Andy's Eyecatchers Service considers horses that may go under the radar for many, some obvious ones, and a few interesting performances from horses he may be keen to oppose on another day.
Below are his notes on six horses that earned his attention on the final day of the recent Aintree festival
Good Time Jonny
Having raced on the inside Good Time Jonny did not enjoy the cleanest of passages through the latter stages. That said, this long home straight left him plenty of time to join the leaders if he had been quick enough.
I think this performance is worth close inspection as he really seemed to appreciate the hill at Cheltenham and yet ran out of racing room here on this flatter track despite the extra-long home straight.
After racing in the last position on the first circuit Gatsby Grey began to make headway around the final bend. His jockey was intent on tracking Good Time Jonny up the inside which may have helped him steer a path through the field.
He was briefly short of room approaching the second last hurdle but still seemed a danger to all at the final hurdle. I think he only just failed to see out this trip as well as those that finished in front of him.
The only obvious negative in the pre-race profile of Irish Point was the fact that Gordon Elliott was on a poor run of form and two of his main novice hurdlers had flopped badly the day before.
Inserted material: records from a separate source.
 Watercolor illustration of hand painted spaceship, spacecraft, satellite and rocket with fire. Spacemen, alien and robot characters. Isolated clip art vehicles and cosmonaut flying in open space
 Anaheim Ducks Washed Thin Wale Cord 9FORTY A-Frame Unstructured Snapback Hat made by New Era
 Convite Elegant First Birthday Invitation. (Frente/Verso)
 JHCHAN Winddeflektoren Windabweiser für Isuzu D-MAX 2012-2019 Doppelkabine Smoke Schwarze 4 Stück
Here, he travelled and jumped smoothly throughout before drawing clear for a straightforward success. Given the runner-up's 128 rating plus the fact that the third horse home was beaten a long way at Cheltenham in March, I doubt Irish Point has added as much to his standing as a grade-one success at Aintree would imply. Davy Russell suggested that his trainer had got him back in the form he showed at Fairyhouse in December when he finished upsides the Supreme Hurdle winner.
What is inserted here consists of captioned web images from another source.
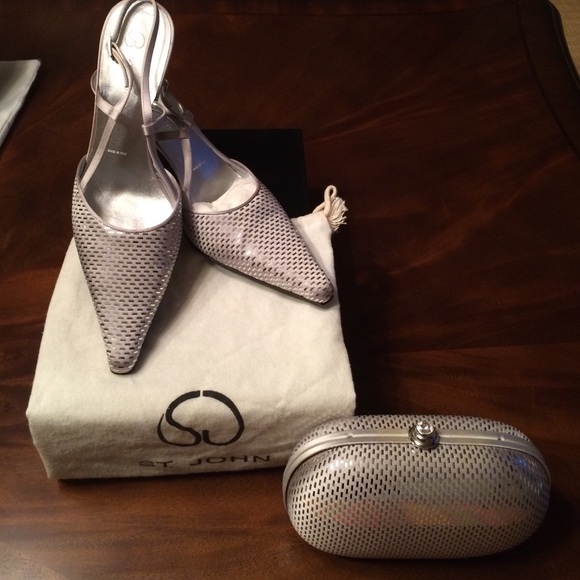 ST. JOHN Sling Back Pumps & Evening Clutch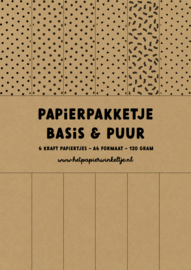 Papierpakketje | Basis & puur | A5 formaat | 6 stuks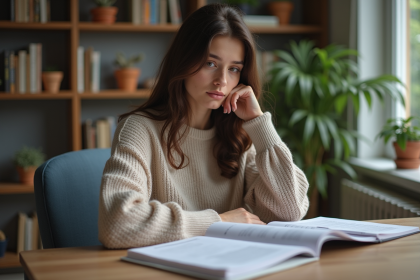 Jeune femme pensive avec papiers financiers dans un appartement moderne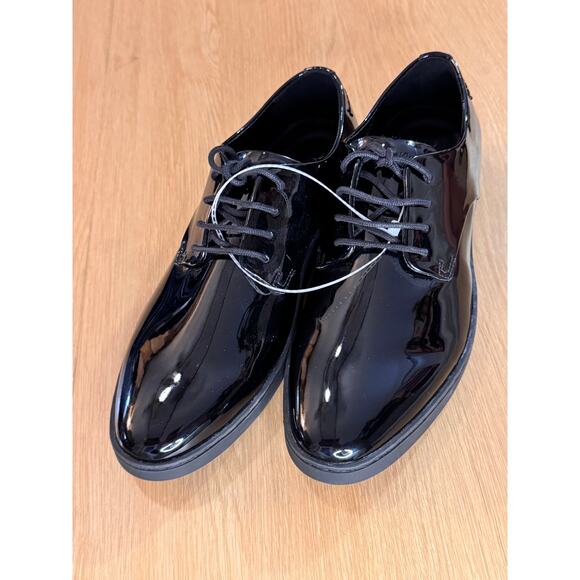 New Calvin Klein Men\'s Fasa Casual Lace-Up Loafers Dress Shoes Shiny Black 8.5 main image 5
Cool Survivor was still going well and had not been asked a serious question when coming down at the third last hurdle. He was supported down to 5/1 joint-favourite for the Martin Pipe and is well thought of.
Although he was the stable's second string according to the market here, he might yet turn out to be more than a handicapper.
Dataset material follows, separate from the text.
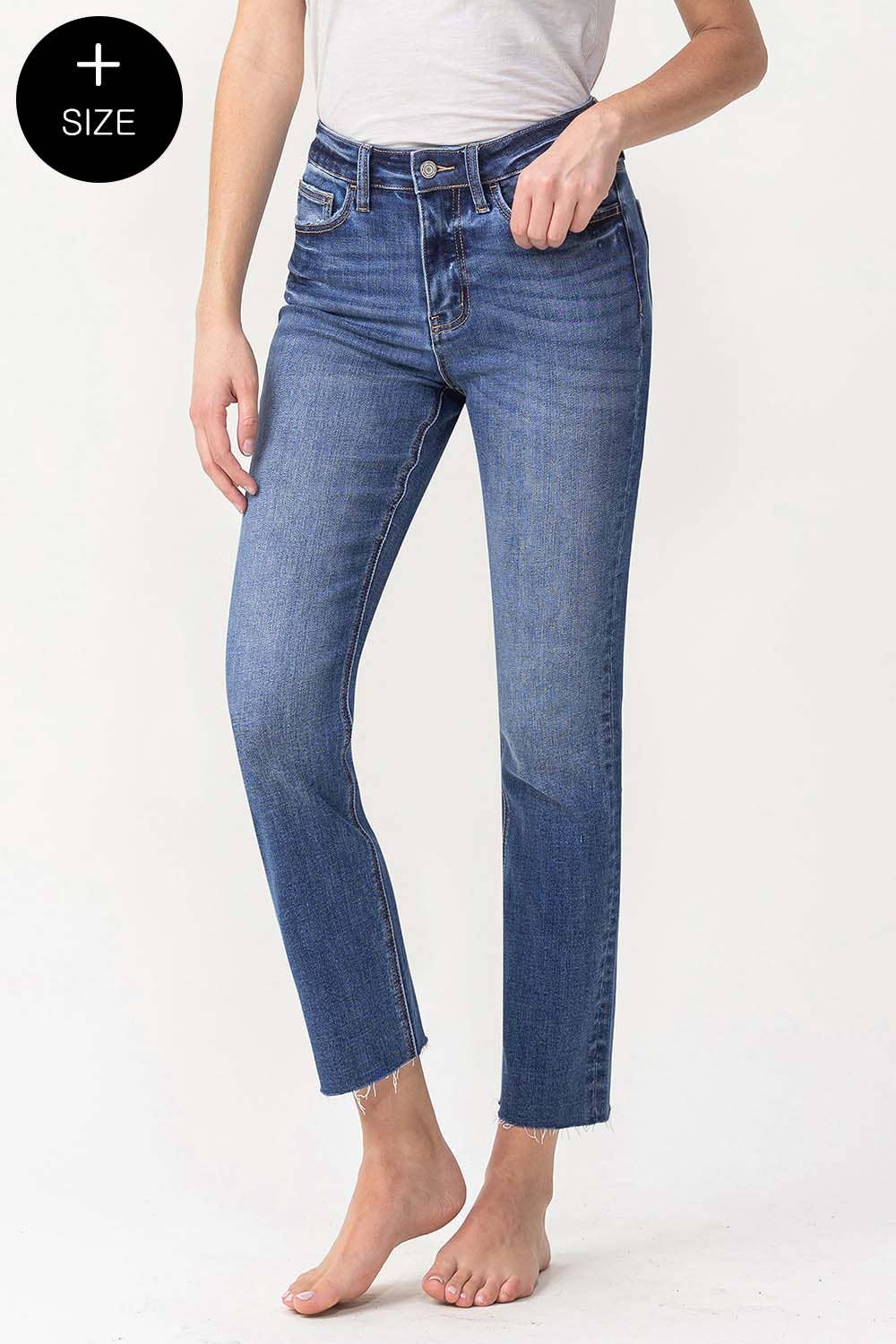 Lovervet by VERVET - PLUS SIZE HIGH RISE SLIM STRAIGHT JEAN LV1028-P: Masterfully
His flop at Cheltenham and this return to form that ultimately ended before the business end may well disguise his ability level quite significantly. He stays three miles and seems versatile on the ground and could be interesting in a late-season handicap.
On balance, I would be pretty confident of the ability of Marie's Rock to stay this trip at the highest-level next season. Her jockey took closer order three out and joined the leader at the second last hurdle.
On another day, this would have been touted as a near-perfect ride; however, on this occasion, in retrospect only, I wonder if Nico will feel he might have been better off if waiting longer to put his mare into the mix. She was upsides the battling front runner with two to jump which is a long way from home. Furthermore, given the aggressive first circuit, the race was then set up for the winner to come from off the pace. Nico de Boinville could not have known this and to all intents and purposes, he was tracking the favourite and rode the perfect race to finish in front of him. I feel the mare was a little unfortunate here and I will remain open-minded as to how she will compete with this winner next season. She ran flat at Cheltenham so it was good to see her back in form here. I would guess that Punchestown will come too soon for her which is a shame as the sharp track would probably be to her advantage.
While his last three successes have all been earned with plenty to spare, maybe Kinondo Kwetu was just not quite as street savvy as the winner here in the closing stages.
He finished full of running and ran out of race before he could close further on the front two horses. Despite the big prize on offer, he was only pushed out hands and heels from the last. The winner looked very professional and street-wise whereas he was rather on his own and briefly outpaced in between the final two fences. He eventually found his stride and finished as well as any. I feel confident that we will see plenty more from him in the future and I doubt that he will be as low as 137 as a chaser by this time next year. I hope they have a nice prize in mind for him rather than use up his handicap rating for the sake of winning a small race in the north. Something like the SkyBet Chase at Doncaster or the Rehearsal Chase at Newcastle would be obvious targets next season.